Ce passage de la catéchèse de Matthieu à ses fidèles est atténué, si, une fois encore, nous la comparons à celle de Luc qui utilisait le terme haïr … Il s’agit toujours de préférence. Qui ne reconnaîtrait cette exigence de primauté serait incapable de devenir disciple de Jésus (Mt. 8 : 19-22) Il n’est pas digne de moi, qui me préfère son père ou sa mère, son fils ou sa fille, sa propre vie personnelle. C’est de tout son cœur, de toute son âme et de toutes ses forces qu’il faut aimer Dieu.
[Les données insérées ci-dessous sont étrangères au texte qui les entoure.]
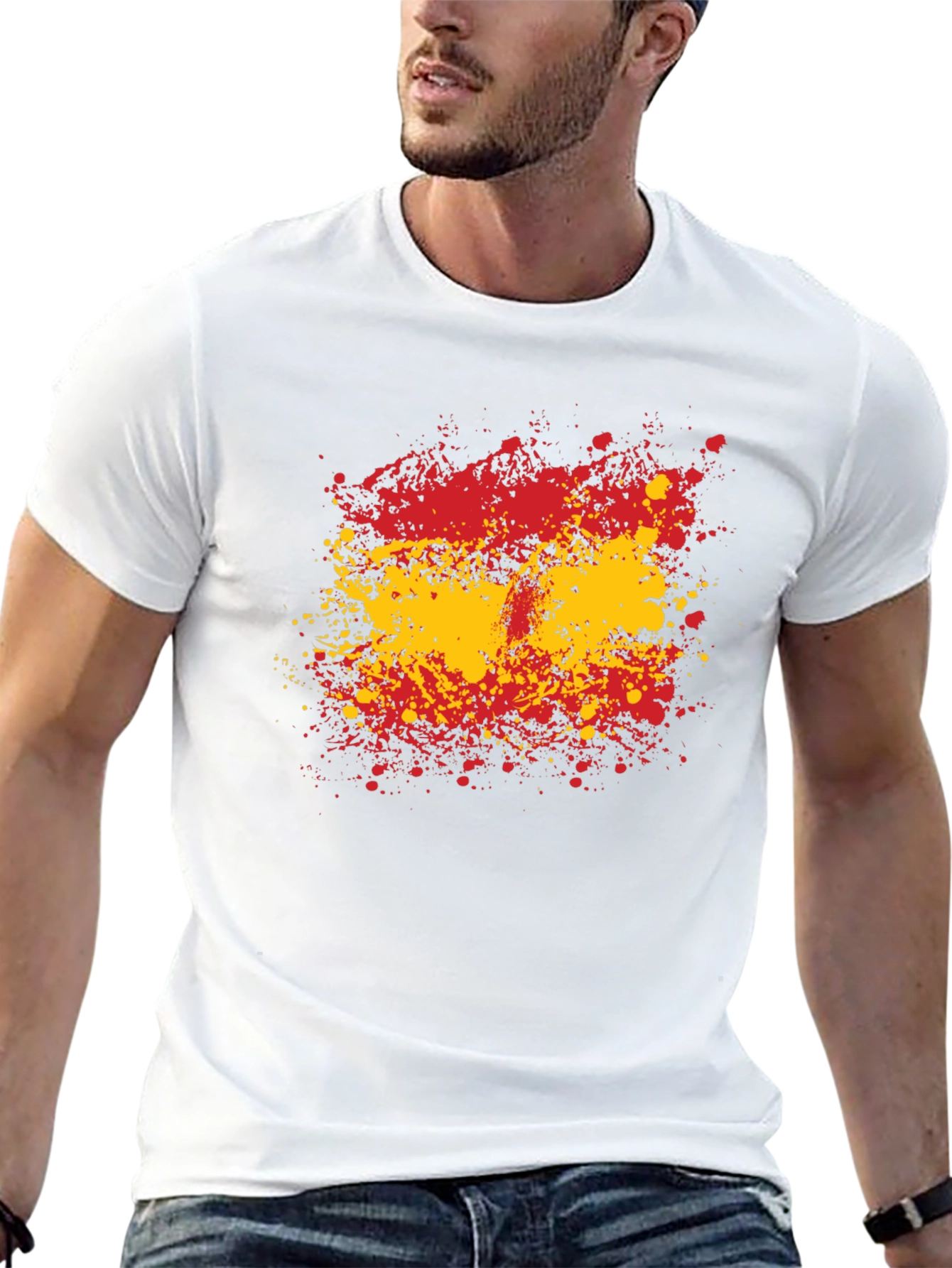 Spain Flag Splatter Graphic T-Shirt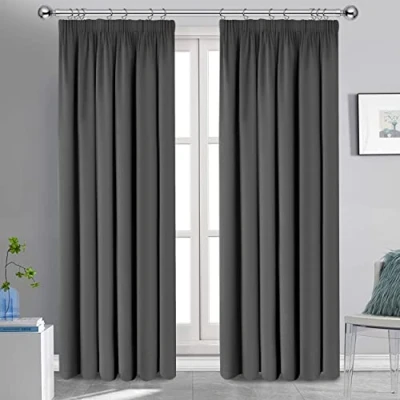 Image of Oxford Homeware Blackout Curtains Bedroom Pencil Pleat Readymade Living Room Window Curtain Tape Top Thermal Insulated Kitchen Curtains+ 2 Tiebacks (Grey, 90&quot; x (228cm 228cm))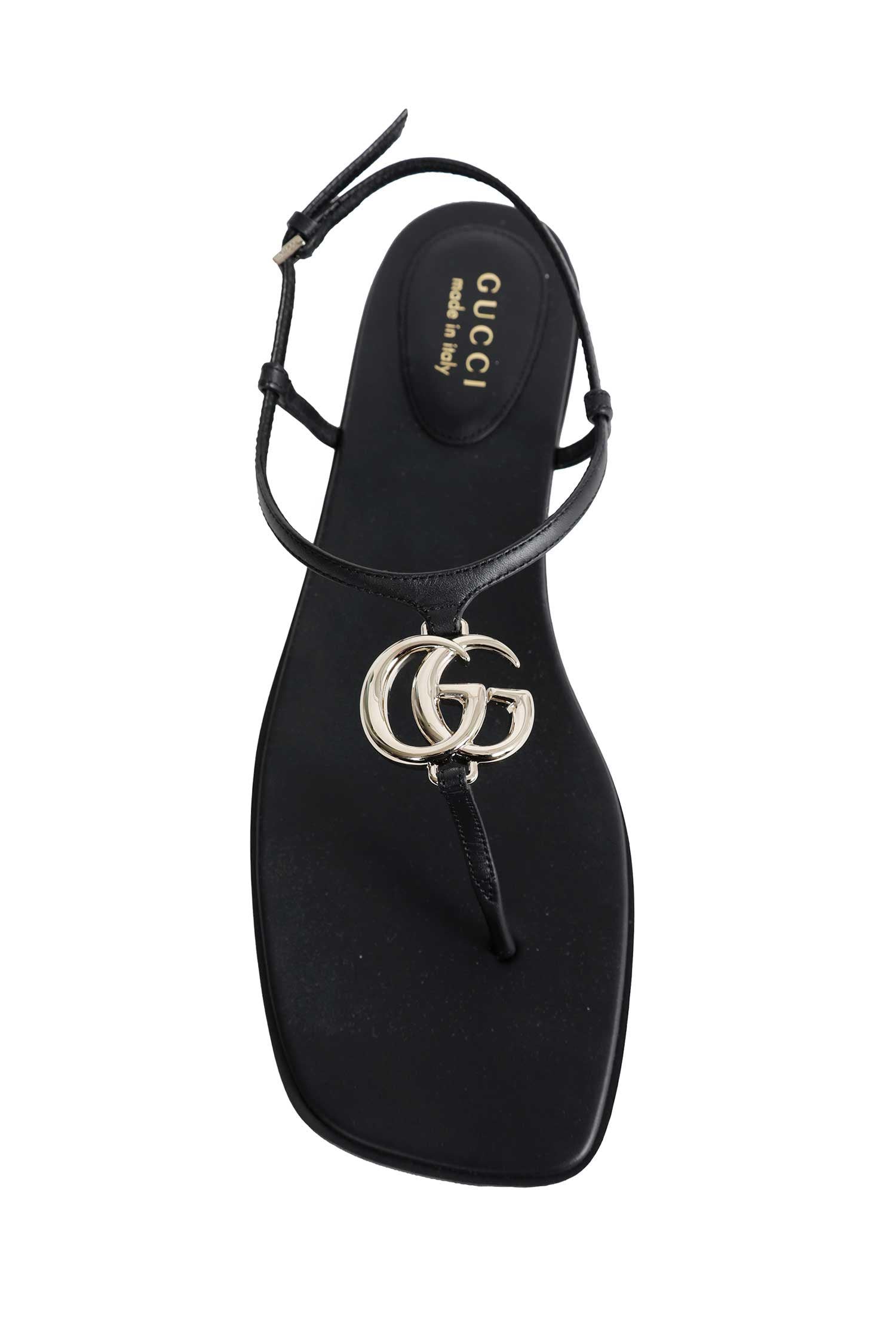 GG Marmont Thong Leather Sandals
On ne renonce pas à soi-même parce qu’une vie est sans valeur ou dans un esprit de sagesse, mais à cause de Jésus.
RADICALITÉ
Ces paroles susceptibles de décourager ou de provoquer, exprime une fois encore la radicalité de l’Évangile et de l’appel divin tel que déjà proclamés dans le Deutéronome : Tu aimeras le Seigneur ton Dieu de tout ton cœur … (6 : 4) En conclusion, rappelons le sacrifice d’Isaac au rocher de Moryya, début de l’aventure chrétienne et dévoilement anticipé des plans de Dieu qui va sacrifier son propre fils : La preuve que Dieu nous aime … (Jn. , 3 : 16) Abraham, prend ton fils, celui que tu aimes, ton unique et va me le sacrifier sur la montagne que j’indiquerai. Le long chemin qui part du pays que je t’indiquerai pour s’élever progressivement jusqu’au rocher de Moriyya, malgré la générosité impliquée demeure incomparable à celui qui descendait du ciel pour monter jusqu’au Calvaire.